* [Problem description] All entries below need to be written out exactly, but without their pictures.

Image-text web data
----------------------------------------

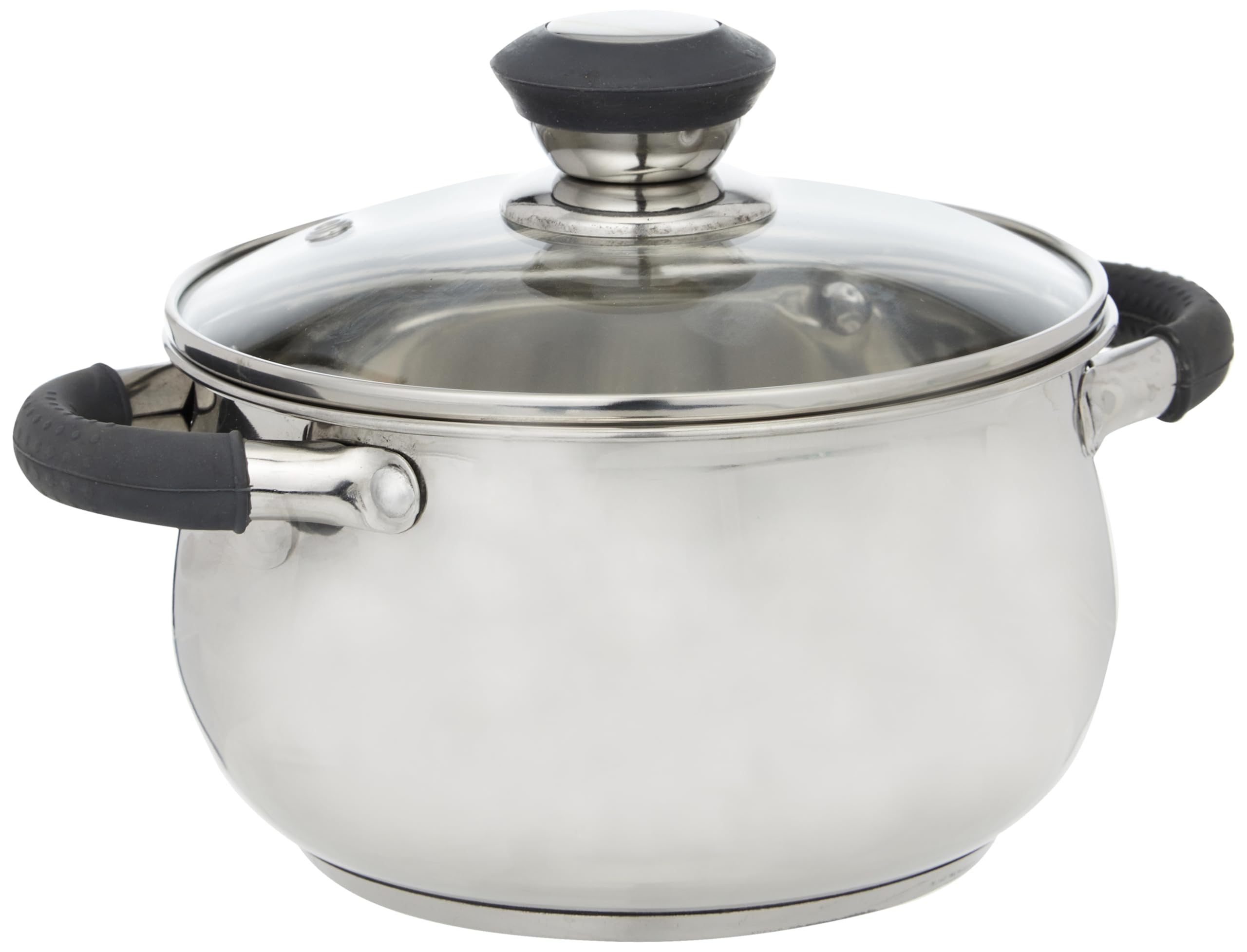 Royalford16cm Nano Casserole With Glass Lid- RF11580 Durable, Strong and Sturdy Stainless steel Construction with Tempered Glass Lid Silver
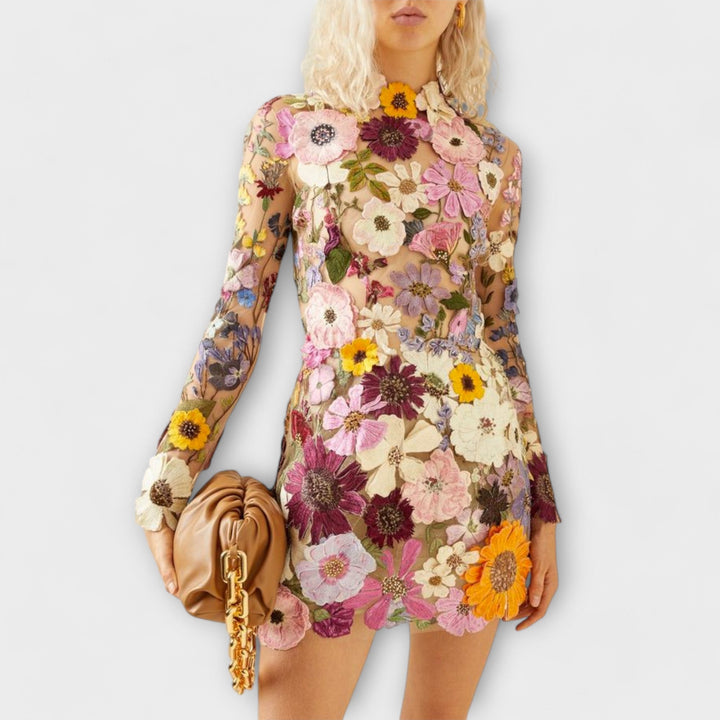 Dolores - 3D Floral Pattern Dress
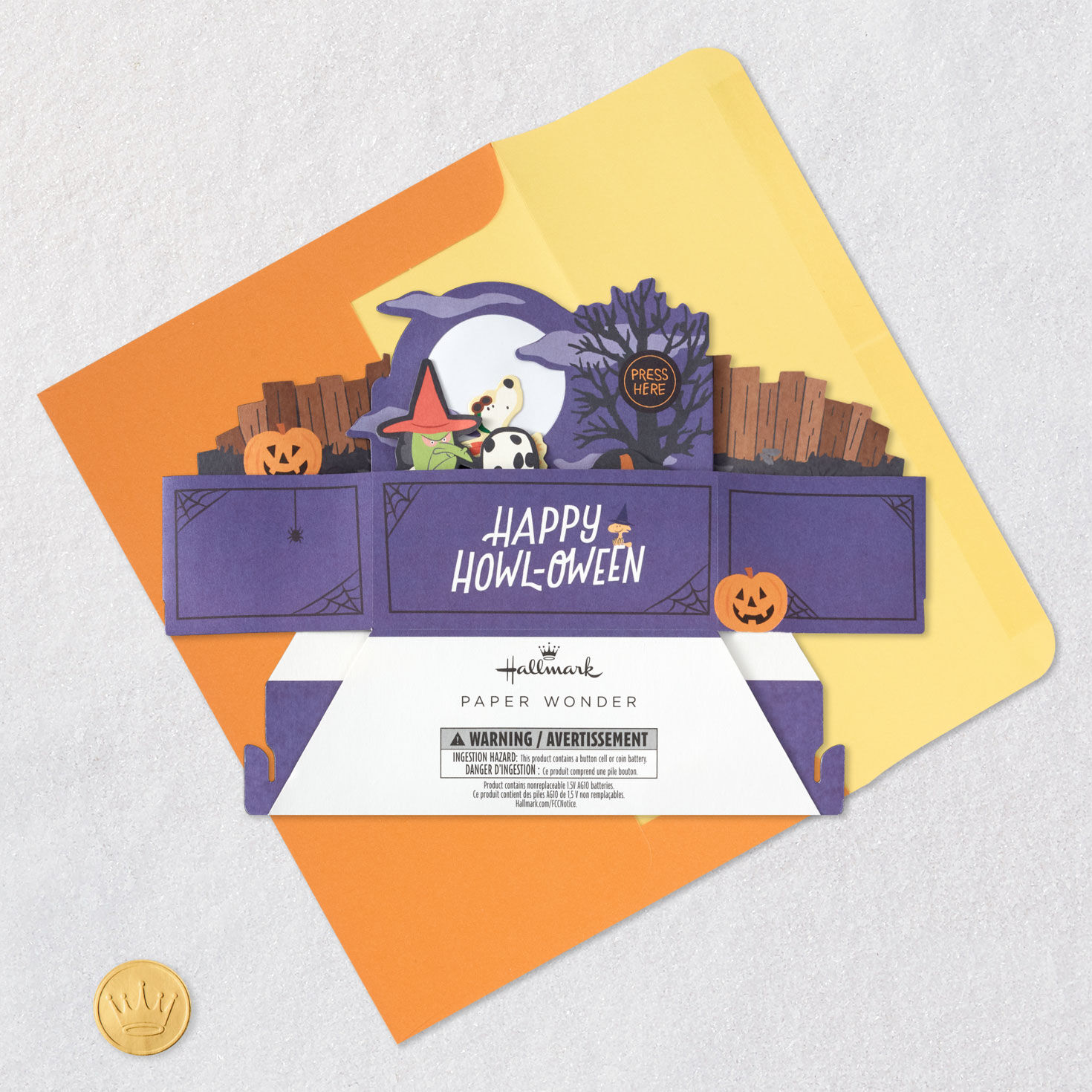 Peanuts Snoopy Trick or Treaters Pop-Up Halloween Card Card Front Detail image number 5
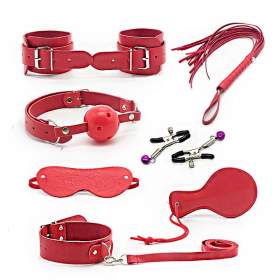 9-Pieces Bondage Kit Red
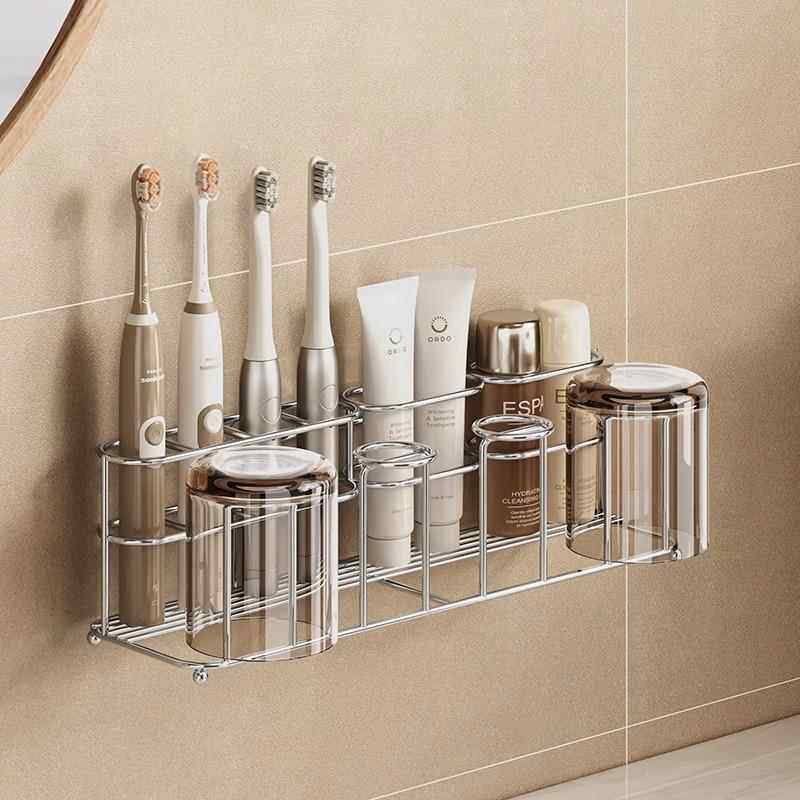 304不锈钢漱口杯架壁挂式电动牙刷牙膏置物架免打孔倒挂墙沥水架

----------------------------------------

* [Answer to this problem]
 Royalford16cm Nano Casserole With Glass Lid- RF11580 Durable, Strong and Sturdy Stainless steel Construction with Tempered Glass Lid Silver
 Dolores - 3D Floral Pattern Dress
 Peanuts Snoopy Trick or Treaters Pop-Up Halloween Card Card Front Detail image number 5
 9-Pieces Bondage Kit Red
 304不锈钢漱口杯架壁挂式电动牙刷牙膏置物架免打孔倒挂墙沥水架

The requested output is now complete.